Remise à l’avocat du procès verbal de notification du placement en garde à vue

Dans un arrêt en date du 17 novembre 2015, la Cour de cassation rappelle les exigences de l’article 63-4-1 du Code de procédure pénale relative à la communication des pièces de la procédure, notamment le moment où celles-ci doivent être remises au conseil du gardé à vue.

Dans cette affaire, le conseil du gardé à vue avait demandé la communication du procès verbal de placement en garde à vue dès l’entretien confidentiel avec son client. Il lui était argué que le procès-verbal, qui se trouvait dans les locaux du Commissariat et non au lieu où il pouvait s’entretenir avec son client, lui serait remis plus tard.

Mis en examen par un juge d’instruction, le mis en cause contestait, devant la Chambre de l’Instruction dans le cadre d’une requête en annulation des pièces de la procédure, l’absence de remise immédiate du procès-verbal en cause au moment où la demande avait été faite par son conseil.

La Chambre de l’Instruction, rejetait le moyen d’annulation des procès verbaux établis au cours de la garde à vue aux motifs qu’il résultait selon elle de la chronologie des actes émanant de la procédure qu’il a été satisfait aux exigences posées par l’article 63-4-1 du Code de procédure pénale dès que l’avocat s’est présenté au lieu où étaient détenues les pièces de procédure, soit au commissariat de police, ce qui n’avait pas été possible lorsqu’il avait demandé la communication de ce procès-verbal au lieu où il avait rencontré son client, dans une geôle distante de trois cents mètres.

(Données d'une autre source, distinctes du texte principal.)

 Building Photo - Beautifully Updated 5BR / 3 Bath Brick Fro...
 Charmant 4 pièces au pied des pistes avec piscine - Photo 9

La Cour de cassation censurera l’arrêt en rappelant que l’avocat d’une personne gardée à vue peut, à sa demande, consulter le procès-verbal établi constatant la notification du placement en garde à vue et des droits y étant attachés, le certificat médical résultant de l’examen de la personne gardée à vue par un médecin ainsi que les procès-verbaux d’audition de la personne qu’il assiste et qu’en l’espèce, il résultait du procès-verbal établi par l’officier de police judiciaire que l’avocat du requérant avait, dès l’entretien confidentiel avec celui-ci, formulé la demande expresse de consultation à laquelle il a droit et qu’aucune circonstance insurmontable ne faisait obstacle à ce que la pièce demandée puisse être mise à sa disposition.